§ Problem description
Leave out the pictures and output exactly the lines below from the one with "DANIEL HH88-K2–Personalized Name" down to the one with "媒体人分析上海防守布朗难度提出提升进攻策略以压制广厦机会", both of them included.

§ Supplied information
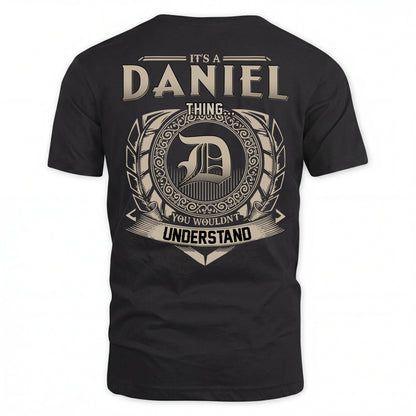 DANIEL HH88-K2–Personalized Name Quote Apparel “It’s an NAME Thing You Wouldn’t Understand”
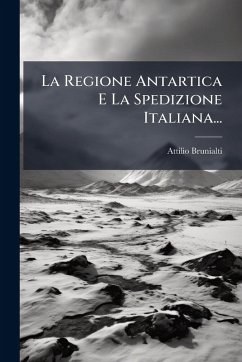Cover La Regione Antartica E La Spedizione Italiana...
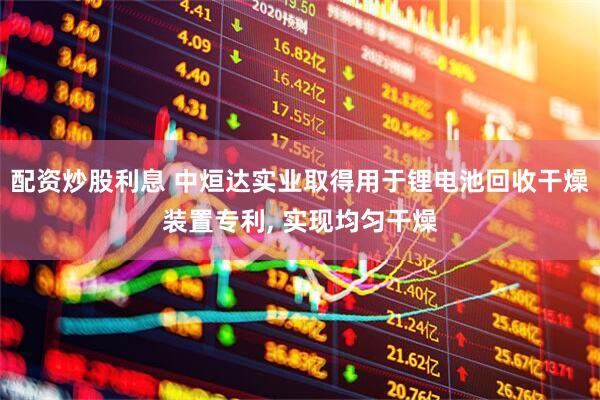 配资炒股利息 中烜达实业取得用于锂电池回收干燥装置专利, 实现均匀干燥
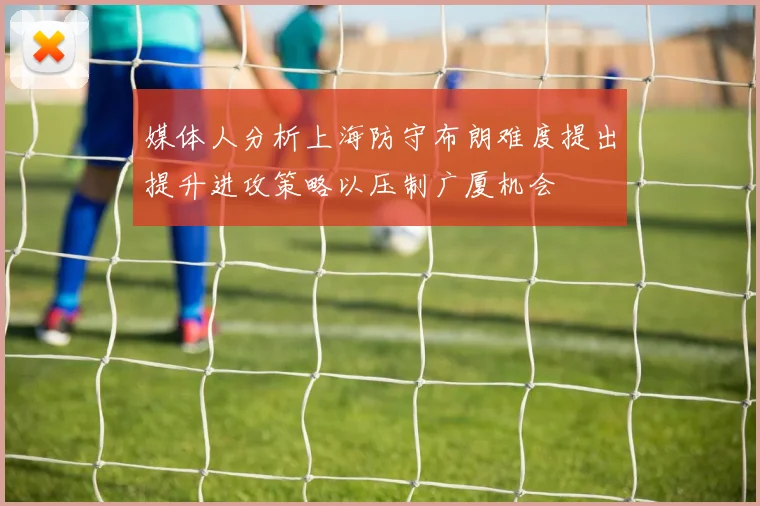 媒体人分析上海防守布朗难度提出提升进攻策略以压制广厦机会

* * *

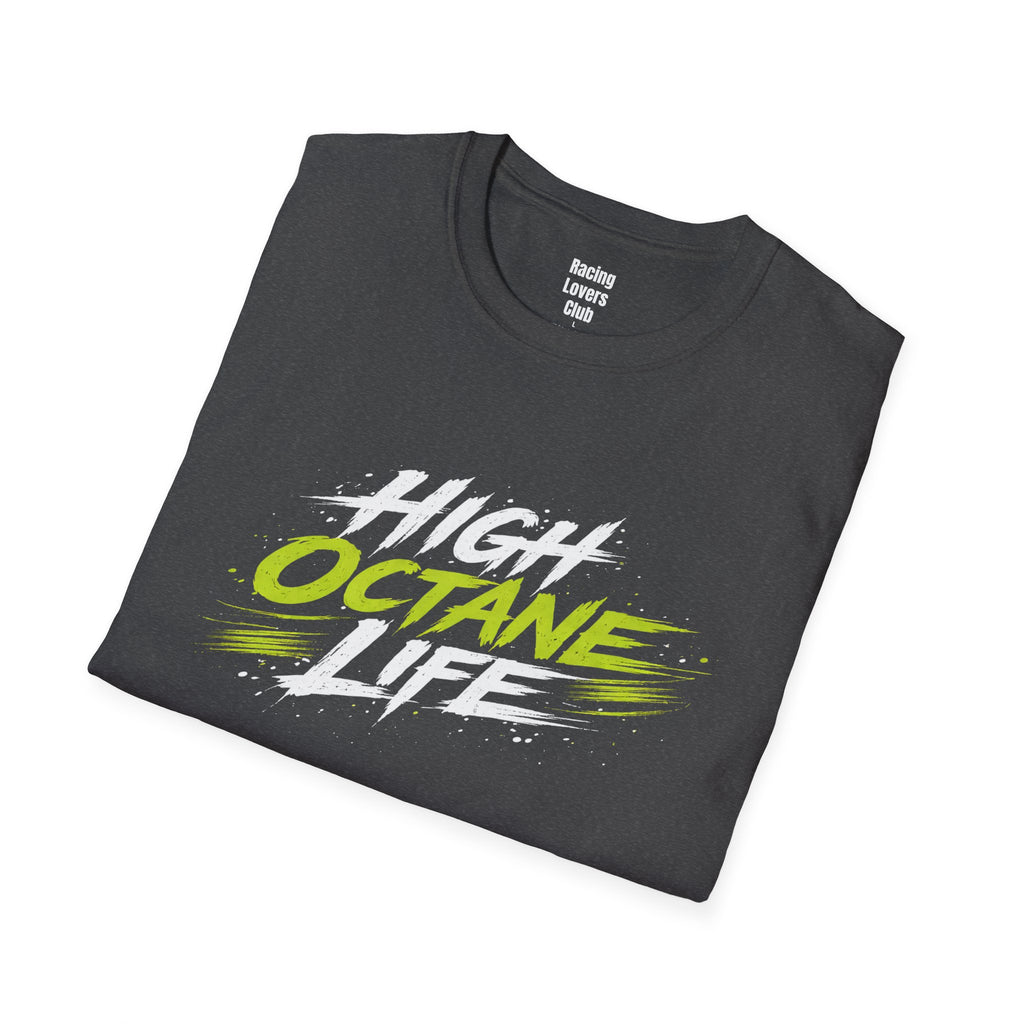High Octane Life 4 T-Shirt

§ Output for this task
 DANIEL HH88-K2–Personalized Name Quote Apparel “It’s an NAME Thing You Wouldn’t Understand”
Cover La Regione Antartica E La Spedizione Italiana...
 配资炒股利息 中烜达实业取得用于锂电池回收干燥装置专利, 实现均匀干燥
 媒体人分析上海防守布朗难度提出提升进攻策略以压制广厦机会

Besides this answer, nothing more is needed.